How to ensure that at least one of A and Bcsign appears in the regex?-CodePudding

s_l = ["春天年初, ...","1999年", "很多年以前"]
for front_part in s_l:
    idx_year = re.search(r'[\d]*[年]{1}[初末底前]{0,1}',front_part).end() \
    if re.search(r'[\d]*[年]{1}[初末底前]{0,1}',front_part) else 0
    print(idx_year)

I want to search the idx of sub-string that has 年， and at the same time, there must be digits(sign A) before 年 or [初末底前](sign B) behind "年", for example,in s_l, it should return 4,5,0

One idea to divide the regex, like

re.search(r'[\d] [年]{1}',front_part) or re.search(r'[年]{1}[初末底前]{0,1}',front_part)

but it is too complex, other one is using (?=...) but I haven't got the idea and how to use it,any suggestions?

CodePudding user response：

Try this,

lst = ["春天年初, ...","1999年", "很多年以前"]
pattern = re.compile("(.*\d|初末底前)年.*")
for i, s in enumerate(lst):
  patterns = list(pattern.finditer(s))
  if patterns != []:
    print(list(map(lambda item:(i, item.span()), patterns)))

The output would be something like [(1, (0, 5))]. Here the first part of every element of this list would be the index of the string from the list lst which matches the conditions. The second part would be the index of the occurence of those conditions in the list item.

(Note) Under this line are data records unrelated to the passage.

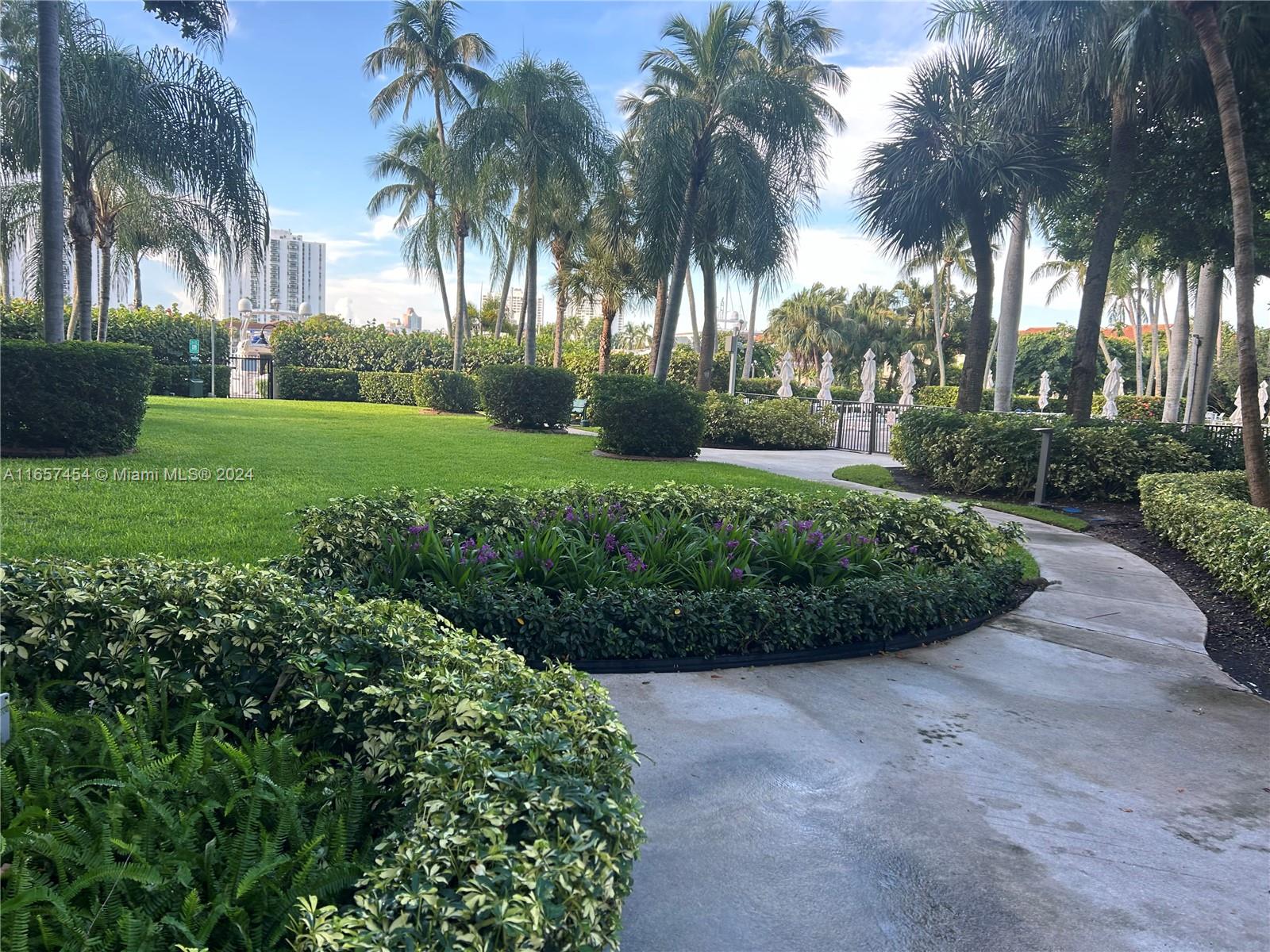 3640 Yacht Club Dr # 404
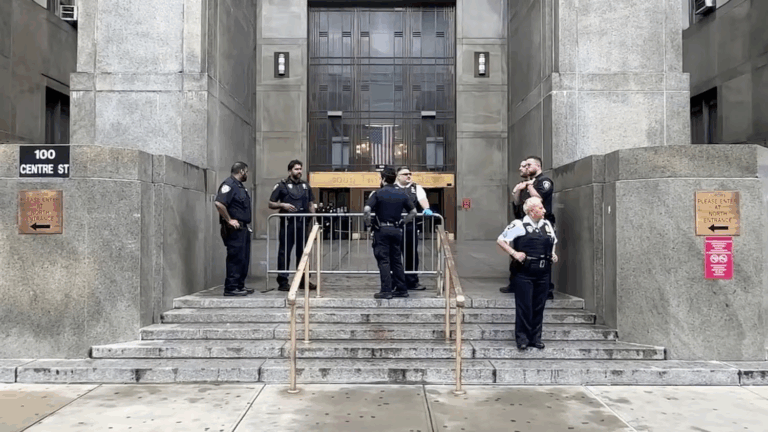 Hai nhân viên an ninh tòa án bị đâm tại tòa án hình sự Manhattan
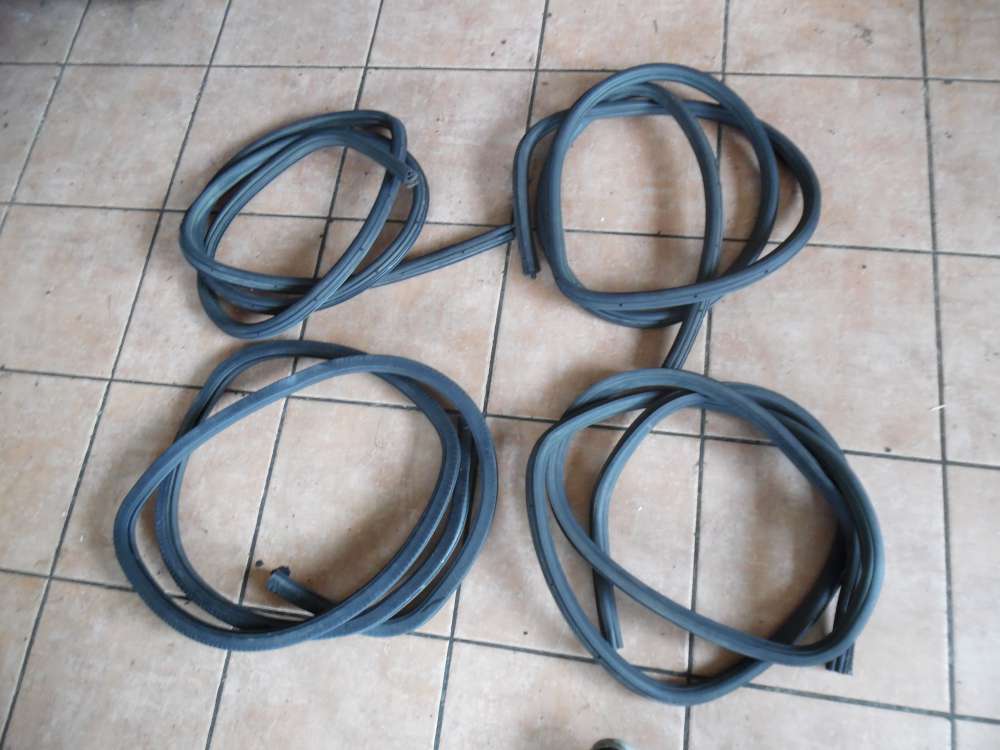 VW Golf III Türdichtung Dichtung Vorne / Hinten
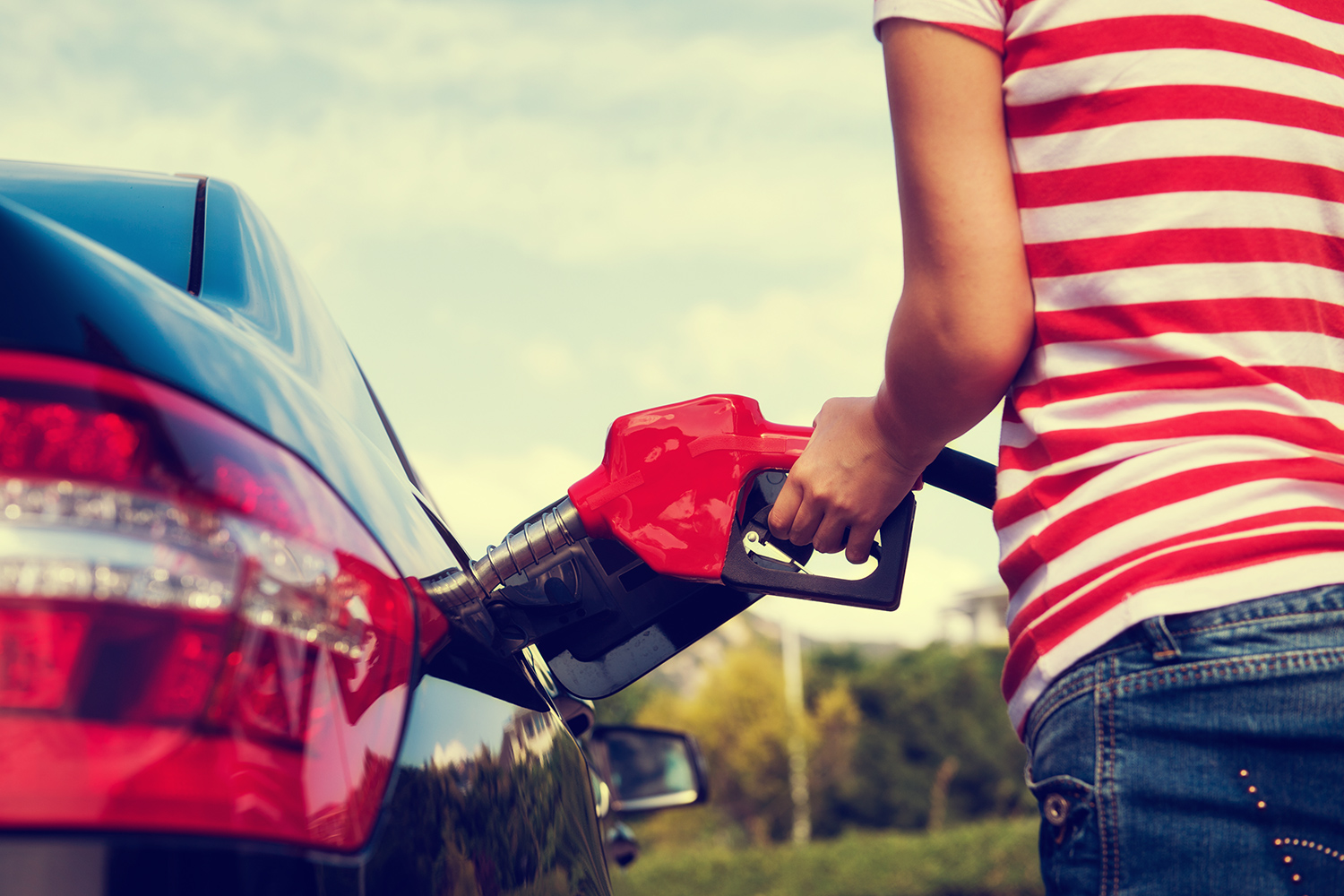 how to save money on gas summer price tips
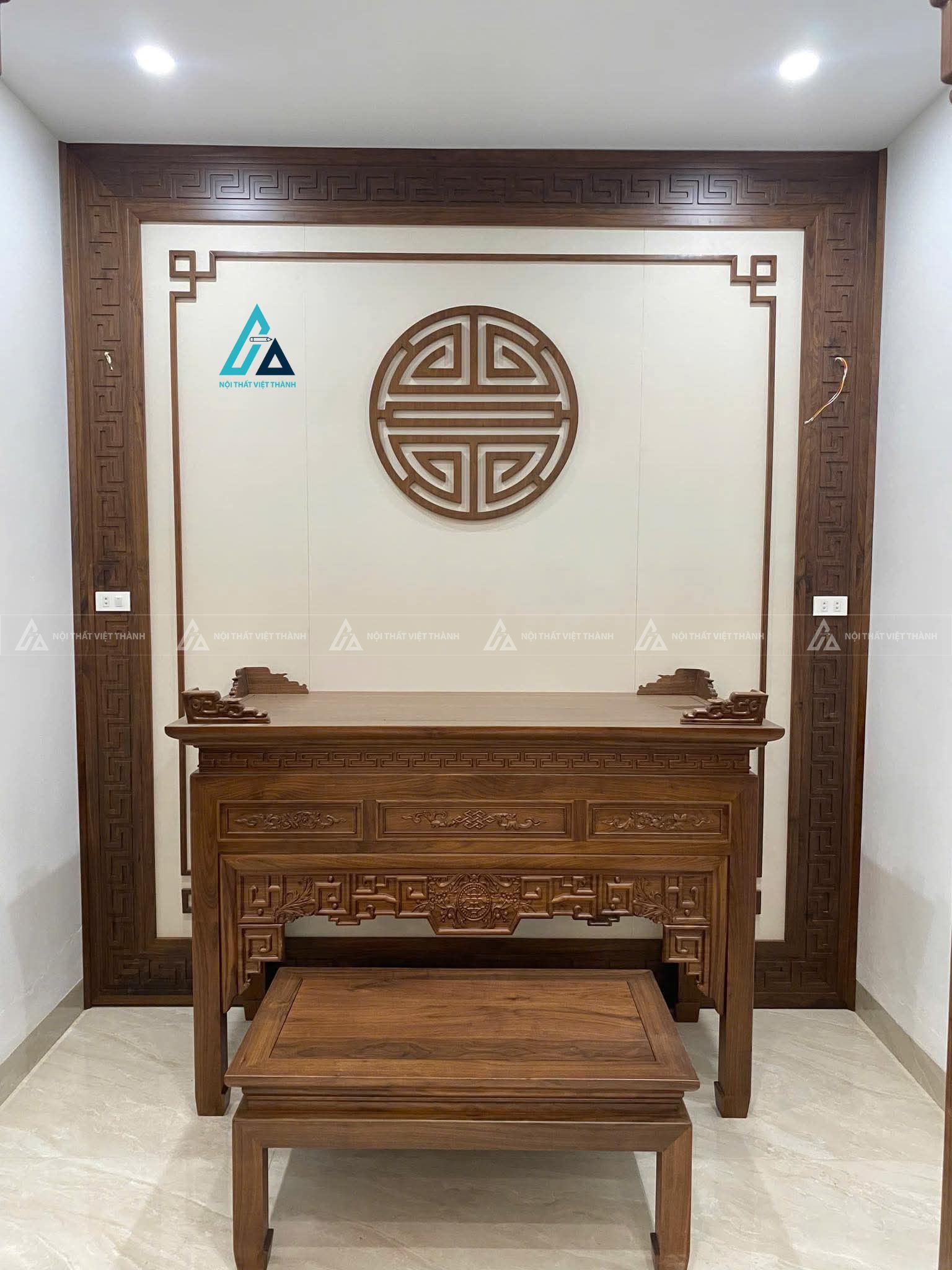 Mẫu thiết kế bàn thờ gỗ nâu 2 tầng có vách sau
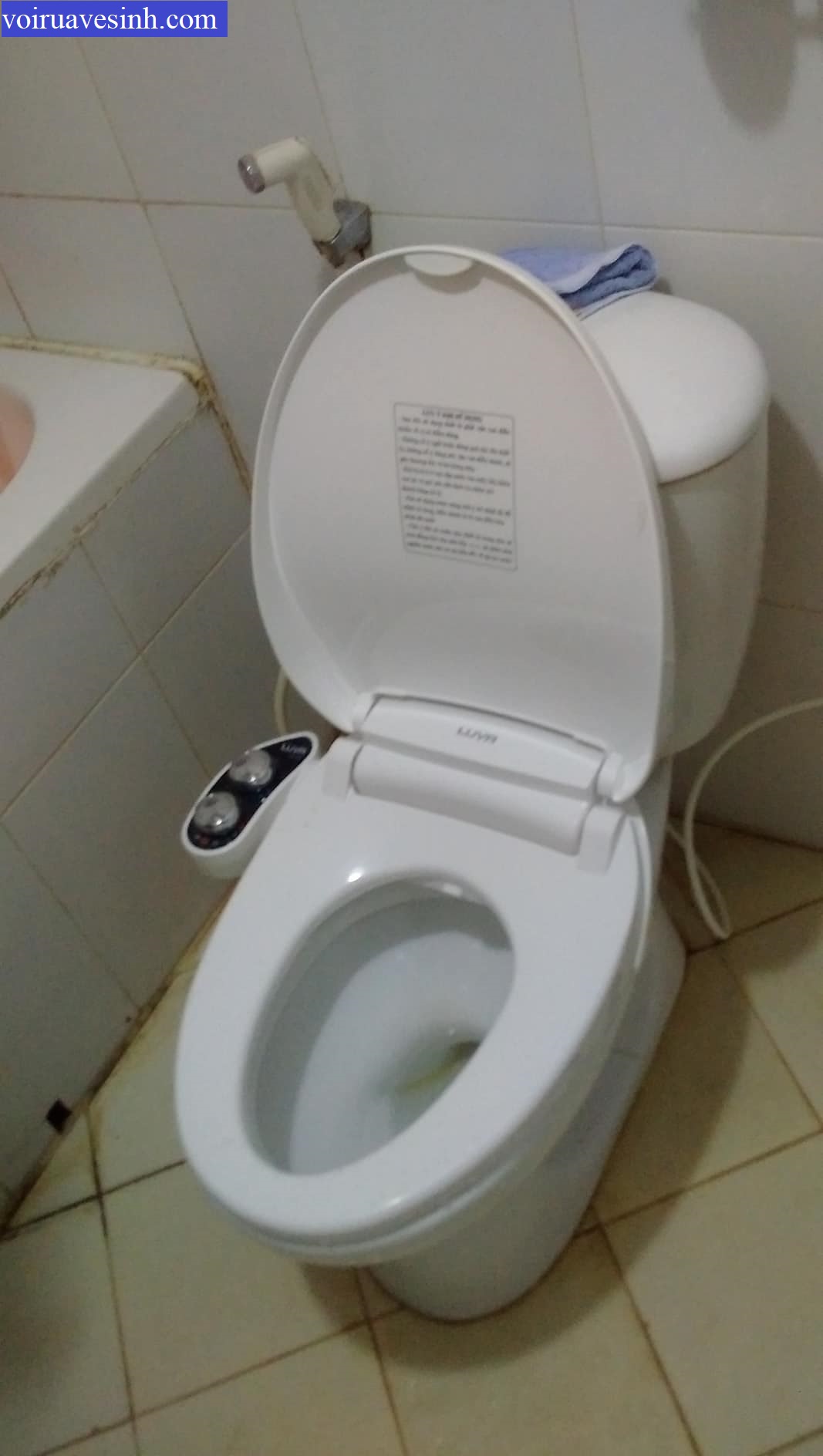 Nắp Bồn Cầu Thông Minh Luva Bidet LB204, Chính Hãng BH 3 năm, Có Nóng Lạnh, Model 2022, Đổi Lỗi 15 Ngày, 2 Vòi Rửa Công nghệ 100% Hàn Quốc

CodePudding user response：

You can use a lookbehind assertion to match an occurrence of 年 that's preceded by a digit. Use an alternation pattern to match one that's followed by [初末底前]:

pattern = re.compile(r'(?<=\d)年|年[初末底前]')
print([match.end() if match else 0 for match in map(pattern.search, s_l)])

This outputs:

[4, 5, 0]